### EXTRACTED RECORDS

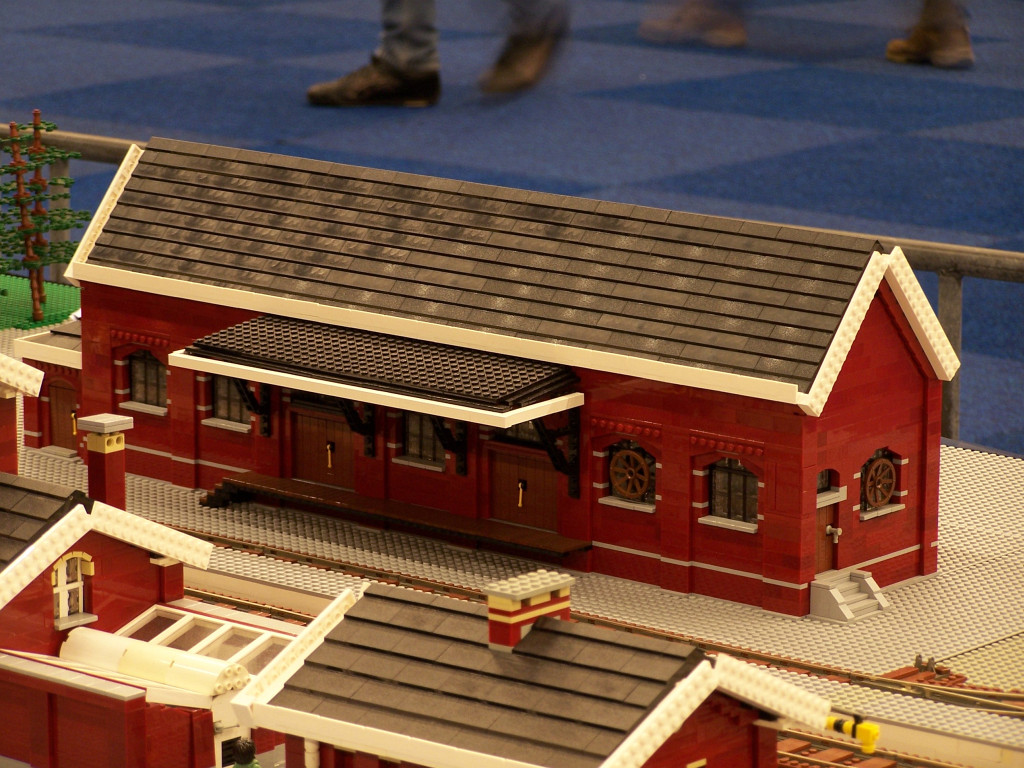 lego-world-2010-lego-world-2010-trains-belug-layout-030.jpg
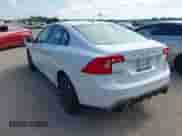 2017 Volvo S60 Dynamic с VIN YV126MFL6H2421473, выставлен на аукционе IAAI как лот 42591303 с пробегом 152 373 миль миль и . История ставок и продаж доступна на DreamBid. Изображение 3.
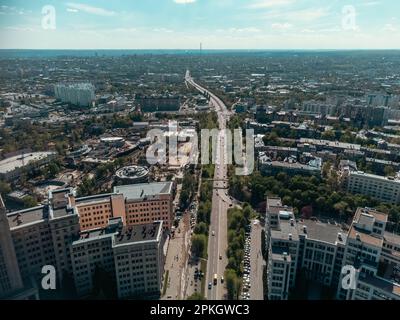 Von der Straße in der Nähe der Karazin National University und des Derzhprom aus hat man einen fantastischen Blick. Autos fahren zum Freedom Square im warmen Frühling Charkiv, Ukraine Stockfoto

* * *

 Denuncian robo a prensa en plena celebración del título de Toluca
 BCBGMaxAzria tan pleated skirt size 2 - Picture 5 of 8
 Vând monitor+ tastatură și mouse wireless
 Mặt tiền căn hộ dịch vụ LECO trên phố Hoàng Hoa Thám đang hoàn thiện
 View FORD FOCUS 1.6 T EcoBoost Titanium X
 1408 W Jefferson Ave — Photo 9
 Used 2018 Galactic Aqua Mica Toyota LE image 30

### WORK INSTRUCTIONS
Out of the records above, return only the lines from the one with "lego-world-2010-lego-world-2010-trains-belug-layout-030.jpg" through the one with "Von der Straße", exactly, and none of the pictures.

### OUTPUT BELOW
 lego-world-2010-lego-world-2010-trains-belug-layout-030.jpg
 2017 Volvo S60 Dynamic с VIN YV126MFL6H2421473, выставлен на аукционе IAAI как лот 42591303 с пробегом 152 373 миль миль и . История ставок и продаж доступна на DreamBid. Изображение 3.
 Von der Straße in der Nähe der Karazin National University und des Derzhprom aus hat man einen fantastischen Blick. Autos fahren zum Freedom Square im warmen Frühling Charkiv, Ukraine Stockfoto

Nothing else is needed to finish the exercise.